Aeration closely relates to drainage. The pore spaces between the particles of potting soil determine how much air and water can move in and out of the mix, reaching the roots of your vegetable plants. When these pore spaces are not filled with water, they should be filled with air, as plants require equal access to both. The ability of a potting mix to provide proper aeration and water retention is crucial for speedy growth.

Nutrition

The ideal potting soil for vegetables should also provide ample nutrition as the plants grow. A good mix must include a slow-release nutrient source to feed your plants over time.

Support

Container-grown vegetable plants require potting soil that offers adequate support. The soil should hold the roots firmly in place to keep the plants upright. For root crops, it is essential that the soil supports healthy downward growth, preventing deformed or stunted roots.

Always buy premium potting mix with five ticks and six months controlled release feeding, wetting agent, water retention crystals, growth stimulants, trace elements, and coir peat. This will get your veggies off to a great start. Remember to liquid-fertilise with worm juice or kelp products every two to three weeks to encourage growth.

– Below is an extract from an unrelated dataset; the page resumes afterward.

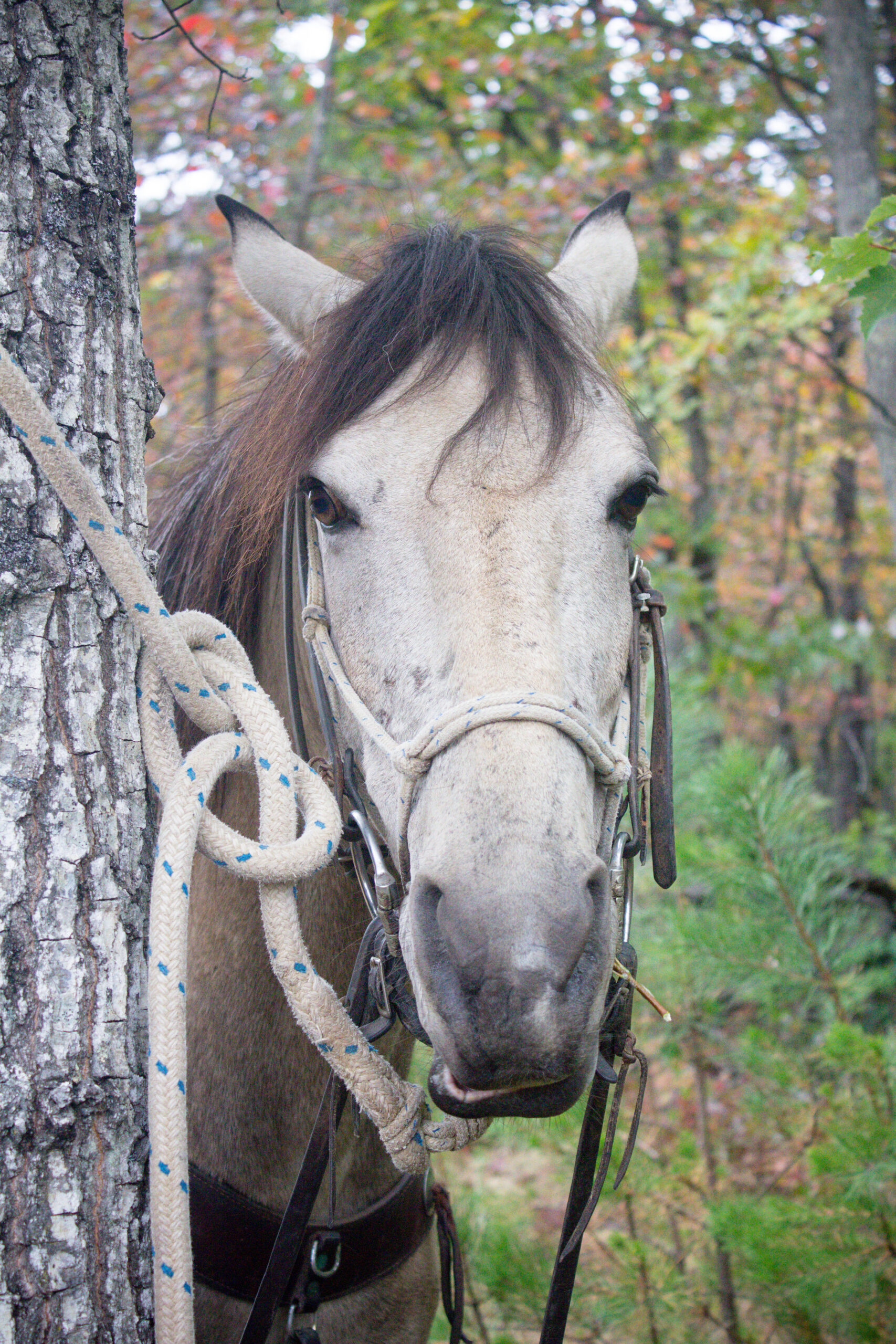 View More: https://judybrownphoto.pass.us/north-mountain-fall-2019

Old potting mix can be revamped by mixing in fresh compost, coir peat, wetting agent, manure, and kelp products, ideally throughout the mix, but if that is not possible, at least in the top 15 cm.

Tip of the Week

Soil will settle down in pots after a couple of months and may need topping up with a combination of 50:50 potting mix and a combination of compost and manure.

Three Jobs to Do Now

  1. Keep controlling powdery mildew on hydrangea plants by removing the worst-affected leaves and spraying with a liquid copper spray to prevent it from spreading to other hydrangeas.
  2. Prevent slugs from eating shasta daisy flowers by leaves by diluting one part fresh espresso to five parts water, and pouring over plants daily.
  3. Add flowers into pots filled with veggies — such as lobelia, violas and pansies — to attract pollinators.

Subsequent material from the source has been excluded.